Comment by Heather Spoonheim on July 29, 2012 at 7:38pm

@Pinster - they are never stumped; if all else fails they'll just say you don't know the ultimate truth that awaits in the love of Jesus, LOL!

Comment by John Abramson on January 2, 2014 at 4:28pm

Germ theory? That's a fucking stretch. 

Comment by Michael on January 3, 2014 at 7:29am

@ Keith Pinster 

Just to be clear. In your previous post were you pointing to the moneyed interests that attempt to use pseudoscience to discredit anthropogenic climate change so as to avoid any action that may bite into their profits or were actually stating that you think that anthropogenic climate change is junk science?

Comment by Teri G on January 3, 2014 at 7:48am

I wish I had come across this a year or 2 ago. I have a much better understanding of this now and had the opportunity to discuss it and correct another's "it's just a theory" belief a while ago, and tried to explain my - then skewed - understanding of the scientific theory. 

Though I am glad to have a better understanding full stop! Always happy to learn new things!

Comment by David Smith on January 3, 2014 at 8:11am

Very eloquent and factual.  I wouldn't imagine you'd have to hard a job finding someone still couldn't grasp the concept though, to much fact, not enough bible quotes.

I think what will always convince me in an argument where science Vs. mysticism is this.  We commend a scientific statement based on how well it explains its topic.  The religious community, in contrast, look for the poetic in their statement, if the point being made is made by a charismatic person then it must be correct. and how well the edges of it (in a jig saw analogy) fit those that came before. In fact, if is so supportable of your per existing views that it makes you feel all warm and fuzzy, well that's a sign straight from god!

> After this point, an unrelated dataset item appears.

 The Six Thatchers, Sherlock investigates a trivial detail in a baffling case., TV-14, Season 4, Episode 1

Comment by Dienekes on January 3, 2014 at 3:31pm

@Michael - I'm not sure what you're talking about, it's been about a year and a half since I posted on this thread and don't see the comment you are referring to.  However, to answer your question, I think anthropogenic climate change is questionable.  I'm still open to both sides of the issue, but I've seen enough compelling evidence against it to seriously question it.

That being said, there is still a LOT that needs to be done that, if it were indeed true, would have a very positive effect regardless.  We need to get off of fossil fuels (and stop pumping money and lives into the middle east to support our FF hunger), we need to move people toward solar energy (there is a lot that can be done with passive solar, such as water and space heating that is not dependent on advancements in photovoltaic technology), we need to get people moved to electric cars (because even coal burning power plants are substantially more efficient and cleaner than gas vehicle exhaust) and we need to continue pumping money into photovoltaic research and advancements so that they can replace other energy sources.  So, in short, although I seriously question ACC, I certainly support initiatives that would have the side effects of reducing carbon footprints anyway, as long as that is not the only thing that they do.

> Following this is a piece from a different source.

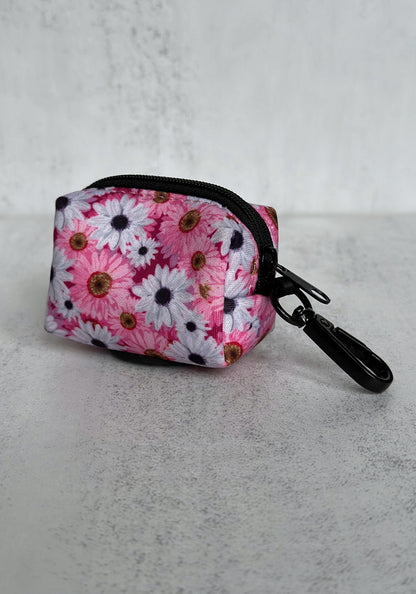 Pink Daisies Poo Bag Holder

Comment by Pope Beanie on January 3, 2014 at 7:36pm

I, too, wish I'd seen this explanation years ago. I must correct some of my blogs to make as much sense as this does.

Meanwhile, I see @Jerome's point about String "Theory". I don't think the original poster would have mentioned that as an example, because it hasn't been worked out as much or become as useful as gravity, germ, evolutionary, or even social theory, for that matter. String Theory is still more of a work in progress, as are theories about the multiverse, big bang, and so on.

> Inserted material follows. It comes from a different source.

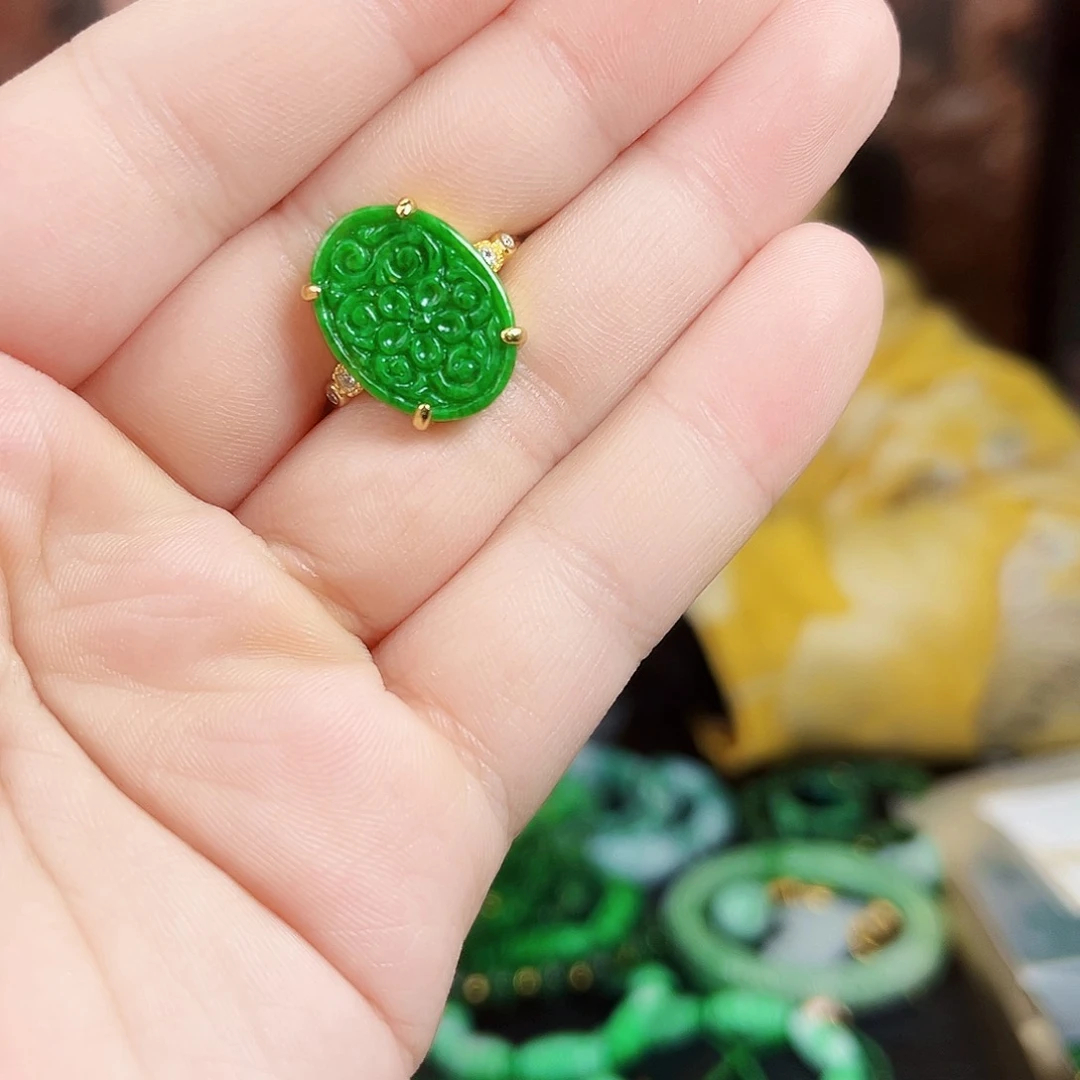 翡翠颈饰银S925镶嵌戒指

Still, even the work-in-progress theories strive to scientifically answer with integrity questions that religion chooses to apply and be content with "God did it". I.e., they're right that science doesn't know all the answers, but they're wrong that strong belief and absolute certainty are more effective at ultimately discovering truth. Even science requires everyone to be skeptical of theories and bring forth observable evidence and useful predictions, but faith requires everyone to accept revelations without evidence, doubt, or repeatable experiments to test their faith.